Question: In this assignment, you will be asked to create a portfolio of your own choice, devise hedging strategies using futures contract, and analyse the performance
In this assignment, you will be asked to create a portfolio of your own choice, devise hedging strategies using futures contract, and analyse the performance of your strategy. The objective of your strategies is to reduce the risk of your portfolio, but the grade awarded will be based on
A logical, coherent strategy designed to hedge the associated risk
A demonstration of lecture theory in a practical setting showing your understanding.
An analysis of the strategy performance apropos of the original intention
Part 1: Construct your own equity portfolio (the members of your portfolio must be described in your context), and then analyse it using PORT and as an index created from CIXB
Select 10 different stocks from the S&P 500 index members, the stocks you choose should cover at least 3 different industrial sectors. You must state the reason why you want to invest in the chosen stocks in your context. You need to decide how many number of shares you hold for each stock but make the number of shares for the stocks in your portfolio large enough so that your portfolios market value is approx $10 million.
Select a time period, and create historical data for your portfolio (see workshop section Steps for Creating Historical Date for Portfolio in PRTU). Import your portfolio in CIXB and create historical data (see Workshop 2 Bloomberg CIXB Screens)). Write a short report to include the following elements: evaluate the performance of your portfolio in PORT (It is understandable that you do not know every statistics presented in PORT, however, you should at least focus on 3 to 5 statistics and form up your discussion), examine your portfolio as a basket created in CIXB by examining its historical values (GP) and regression relation with a market index (relevant figures and regression tables should be attached), with extra marks awarded for good quantitative analysis provided.

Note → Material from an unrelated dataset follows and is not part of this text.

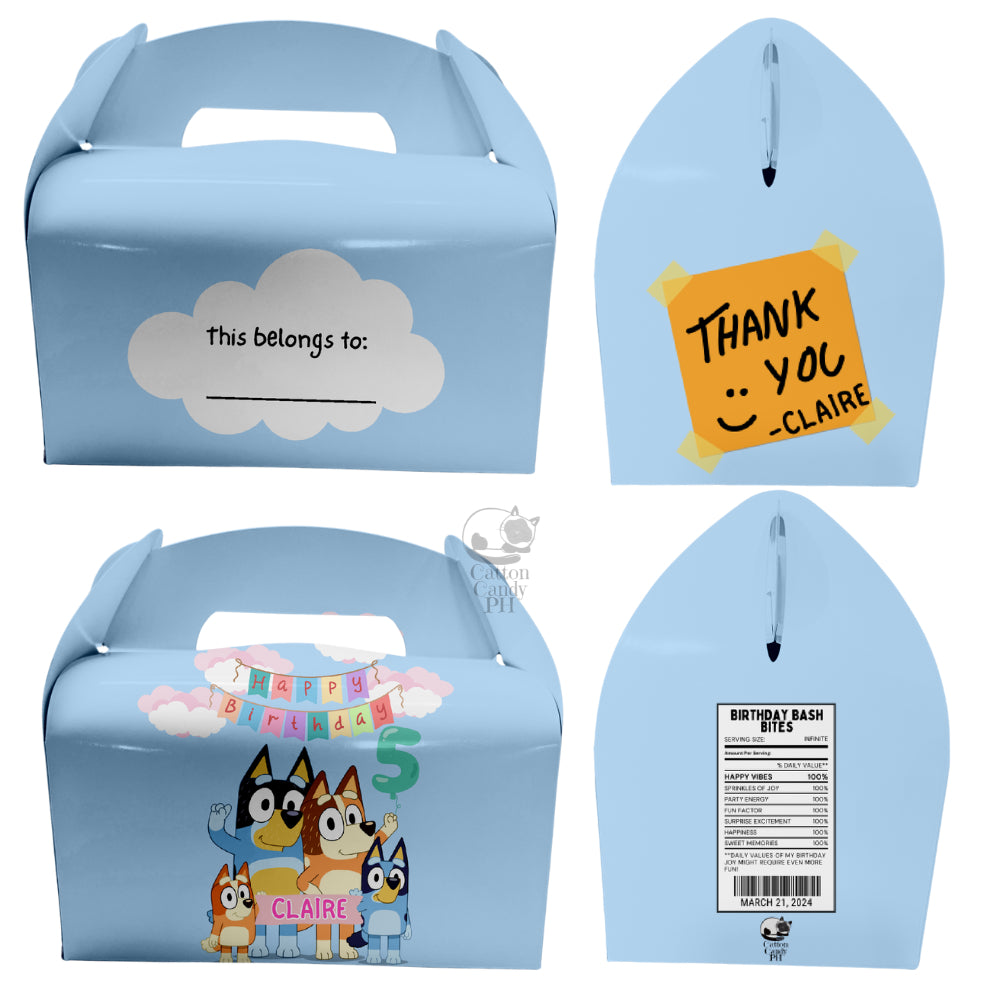 Big Size Birthday Gable | Donut | Munchkin | Gift Favor Party Loot Box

Part 2: Examine an ex-post short hedging position for the portfolio you created and write a report to evaluate your strategy
Select one futures contract on S&P 500 (SPA) to hedge your portfolio. Use the expiration date on the future contract as the date of your hedge value.
Select a beginning date that you would have implemented your hedge and a closing date near the futures expiration as the date for closing your hedge. Use the Minimum Variance Hedge model to determine the number of futures contracts needed to hedge the portfolio.
Use Bloombergs OSA screen to determine the number of futures contracts you would need to hedge your portfolio. Is number of future contracts you calculated from Bullet Point 2 above, the same as the number of future contracts calculated by the Bloomberg Terminal? If not, why?